Podatek minimalny został wprowadzony do ustawy CIT z dniem 1 stycznia 2022 r. w ramach tzw. Polskiego Ładu, jednak z uwagi na sytuację polityczno-gospodarczą ustawodawca zawiesił obowiązywanie nowych regulacji do 31 grudnia 2023 r.
Zgodnie z art. 24ca ustawy o CIT nowy podatek zapłacą spółki, które poniosły stratę z działalności operacyjnej (ze źródła przychodów innych niż zyski kapitałowe). A także te, które mają niską rentowność, czyli udział dochodów w przychodach (też chodzi o działalność operacyjną) w wysokości nie większej niż 2 proc.
Czym jest podatek minimalny
Jak wyjaśnia na swojej stronie internetowej firma doradcza Grant Thornton, podatek minimalny jest nową, równoległą formą opodatkowania obok tzw. „klasycznego” CIT. Oznacza to, że każdy podatnik CIT będzie musiał przeprowadzić weryfikację pod kątem podlegania pod podatek minimalny. Jednocześnie, samo objęcie podatkiem minimalnym nie będzie oznaczało zwolnienia z obowiązku rozliczenia „klasycznego” CIT.
- W praktyce może mieć miejsce sytuacja, w której u podatnika CIT powstanie w jednym roku zobowiązanie podatkowe z tytułu „klasycznego” podatku CIT i podatku minimalnego zarazem. W tym przypadku nie powinno jednak dojść do podwójnego opodatkowania, gdyż kwota podatku minimalnego do zapłaty będzie mogła zostać pomniejszona o należny „klasyczny” podatek CIT — wskazują eksperci GT.
Co istotne, jeśli podatnik zapłaci podatek minimalny, to będzie mógł go odliczyć od „klasycznego” CIT w zeznaniach składanych za kolejne 3 lata podatkowe.

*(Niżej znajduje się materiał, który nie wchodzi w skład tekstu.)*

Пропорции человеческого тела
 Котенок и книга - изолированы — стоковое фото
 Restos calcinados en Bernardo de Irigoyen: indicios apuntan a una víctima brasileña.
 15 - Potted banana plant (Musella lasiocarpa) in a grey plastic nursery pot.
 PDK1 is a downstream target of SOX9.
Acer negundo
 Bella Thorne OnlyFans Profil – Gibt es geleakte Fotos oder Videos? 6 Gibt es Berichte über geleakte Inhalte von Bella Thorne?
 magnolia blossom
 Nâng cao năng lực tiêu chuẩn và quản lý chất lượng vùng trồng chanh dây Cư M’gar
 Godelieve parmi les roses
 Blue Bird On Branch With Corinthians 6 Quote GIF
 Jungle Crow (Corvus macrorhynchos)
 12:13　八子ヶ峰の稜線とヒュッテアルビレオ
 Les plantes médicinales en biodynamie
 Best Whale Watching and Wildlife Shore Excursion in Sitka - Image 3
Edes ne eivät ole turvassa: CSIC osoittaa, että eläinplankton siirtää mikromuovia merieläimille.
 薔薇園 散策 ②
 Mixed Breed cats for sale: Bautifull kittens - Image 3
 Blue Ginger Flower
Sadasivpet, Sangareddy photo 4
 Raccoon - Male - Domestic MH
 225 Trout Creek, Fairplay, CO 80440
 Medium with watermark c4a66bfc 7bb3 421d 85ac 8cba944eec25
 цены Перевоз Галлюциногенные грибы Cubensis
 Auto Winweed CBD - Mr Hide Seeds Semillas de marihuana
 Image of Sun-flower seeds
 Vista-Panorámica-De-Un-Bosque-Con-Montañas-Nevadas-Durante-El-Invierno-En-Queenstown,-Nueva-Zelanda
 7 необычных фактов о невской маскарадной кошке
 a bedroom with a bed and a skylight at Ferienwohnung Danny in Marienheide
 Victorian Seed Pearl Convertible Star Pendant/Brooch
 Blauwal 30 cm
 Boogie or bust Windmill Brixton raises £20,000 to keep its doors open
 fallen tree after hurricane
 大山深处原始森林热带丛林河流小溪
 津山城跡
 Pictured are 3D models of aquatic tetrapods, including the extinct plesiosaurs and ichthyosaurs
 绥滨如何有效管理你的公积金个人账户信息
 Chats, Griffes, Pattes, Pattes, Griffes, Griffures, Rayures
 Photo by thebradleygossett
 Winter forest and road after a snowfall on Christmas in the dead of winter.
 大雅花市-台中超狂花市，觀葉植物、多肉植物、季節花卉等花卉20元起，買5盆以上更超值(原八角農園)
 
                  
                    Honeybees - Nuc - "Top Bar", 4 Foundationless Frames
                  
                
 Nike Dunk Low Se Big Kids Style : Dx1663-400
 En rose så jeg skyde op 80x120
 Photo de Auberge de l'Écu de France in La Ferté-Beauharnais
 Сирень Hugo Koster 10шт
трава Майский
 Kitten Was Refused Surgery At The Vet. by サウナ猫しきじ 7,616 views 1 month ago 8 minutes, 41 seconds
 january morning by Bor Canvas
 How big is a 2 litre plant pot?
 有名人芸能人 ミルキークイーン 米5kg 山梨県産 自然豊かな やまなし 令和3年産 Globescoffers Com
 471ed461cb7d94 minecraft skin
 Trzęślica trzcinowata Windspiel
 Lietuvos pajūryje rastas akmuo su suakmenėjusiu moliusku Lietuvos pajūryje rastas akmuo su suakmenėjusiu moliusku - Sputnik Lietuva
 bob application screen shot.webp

Kogo obejmie a kogo nie obejmie podatek minimalny
- Podatek minimalny jest wyliczany niezależnie od klasycznego CIT. Inaczej też ustalamy wynik podatkowy, czyli kwotę straty bądź dochodu, na jego potrzeby. Może więc okazać się, że spółka, która wykaże w zeznaniu rocznym stratę albo niski dochód na potrzeby klasycznego CIT, wcale nie musi płacić nowej daniny – podkreśla w rozmowie z „Rzeczpospolitą” Dominika Kłopotowska, doradca podatkowy, menedżer w Grant Thornton.
Czy zapłaci go każda spółka na stracie bądź z niską rentownością? – Nie, ustawodawca przewidział bowiem szeroki katalog wyłączeń. W grupie zwolnionej z podatku minimalnego znajdują się m.in. mali podatnicy CIT, spółki rozpoczynające działalność gospodarczą czy wykazujące stratę tylko przejściowo. A także podmioty charakteryzujące się niską rentownością ze względu na specyfikę swojej branży – wylicza ekspertka.
Arkadiusz Łagowski, doradca podatkowy z w kancelarii Chojnacka & Łagowski zauważa, że zasady rozliczania podatku minimalnego są tak skonstruowane, że najprawdopodobniej ostatecznie niewiele firm poniesie dodatkowy ciężar finansowy. - Nie zmienia to jednak faktu, że wszystkie muszą przeprowadzić szereg skomplikowanych wyliczeń, przede wszystkim żeby sprawdzić czy w ogóle pod niego podlegają. Wysiłek przedsiębiorców może więc być niewspółmiernie wysoki w stosunku do korzyści dla budżetu państwa — ocenia ekspert.
Pierwsze rozliczenie podatku minimalnego nastąpi w 2025 roku.